Unorganized public on its own is poor on resources and stray voices can be easily bought over by promising consideration. Again, the spirit of a demand keeps itself alive latently amongst groups and the establishment could easily rekindle it to grab support.

Movements can be allowed to grow big! Vast majority of population neither ever participates nor ever take to streets to protest. Groups within the majority population take upon itself the task to be the flag bearer of majority opinion. There could be resistance too. Of these active groups, the resisting minority, representing ‘against’ side, when fails to garner numbers, ie., opposition, it invites widespread ridicule and the establishment may pounce on the opportunity to suppress or stamp its endorsement when ‘for’ numbers are overwhelming.

Movements are closely connected to Majoritarian-ism. Establishments find it good to keep the majority in good humour. In most developing societies, it is the majorities who have not had a fair share in having their say all through past history. Growing education and awareness, the rights of the majority debate, have put the majority on accelerated activism; like awakening after prolonged slumber. Focus is back to not economic issues or stagnated income levels, but on cultural hegemony, resistance to absorption of outside views and securing institutionalization of ethics sported by majority.

In the Indian context, political movements had largely dominated, with majority itself lying greatly divided. Post-independence, it was more of a minority appeasement that establishment harboured rather than placating the majority for its assertions. Anti-emergency was sort of a first mass movement, but that too was purely a political cause and was never premeditated as majoritarian. Perhaps VHP led Ram Janam Bhoomi (Mukti) Movement on late 1980s, on which subsequently all splinter groups of RSS including the BJP also rode, was the first ever assertion of rights of the majority. Though still unfulfilled, the mass awakening left a permanent footprint and laid the base for many more assertions of the majority to be expressed.

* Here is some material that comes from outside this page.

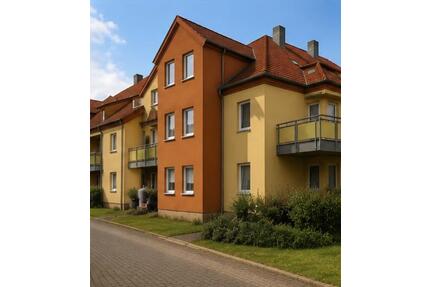 3 Zimmer Wohnung mit Terrasse in Müncheberg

General elections of 2014 was the Silver Jubilee of Ram Mandir movement. It took 25 years for the majority to assert itself decisively on the political question of governance. In a way, India Against Corruption (IAC) campaign that brought the government of the day to its knees, (out of which was subsequently born the Aam Aadmi Party), was another people’s movement of nation-wide appeal, more of an apolitical demonstration by majority driven civil society. This movement clearly made a statement for anyone to read: Change is in vogue! Undercurrent of this movement, disenchantment with establishment and resurging majoritarian-ism culminated into being the Modi Wave. A year later, AAP government in Delhi can also be attributed to the assertion of majoritarian-ism for alternate politics.

Despite high political awareness, a vast majority of society actually stays a non-participant in decision making, leaving it in perpetual disillusionment. The discontent is exhibited more through cheer leading. Society encourages movements. It is always open to change so long as the basic foundation and principles are not attacked. Majority grants legitimacy by putting its weight behind the ideas of goodness as perceived in contemporary times.

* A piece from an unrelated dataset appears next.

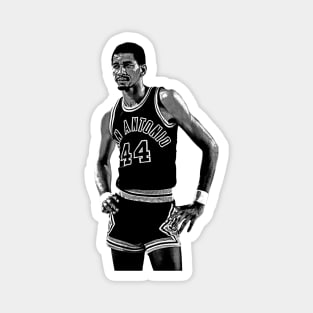 George Gervin Magnet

Modi era is truly the new period of majoritarian-ism in Indian society and politics at large. Majoritarian-ism in its own way has posed some challenges to the establishment of the day. New movements, more refined, better organized, well propagated on social media; highlighting specific causes are taking birth. Some could be seen as headache, premature eruptions. But the statement has already been made – Social Transformation has started – The Era of Movements is here to stay.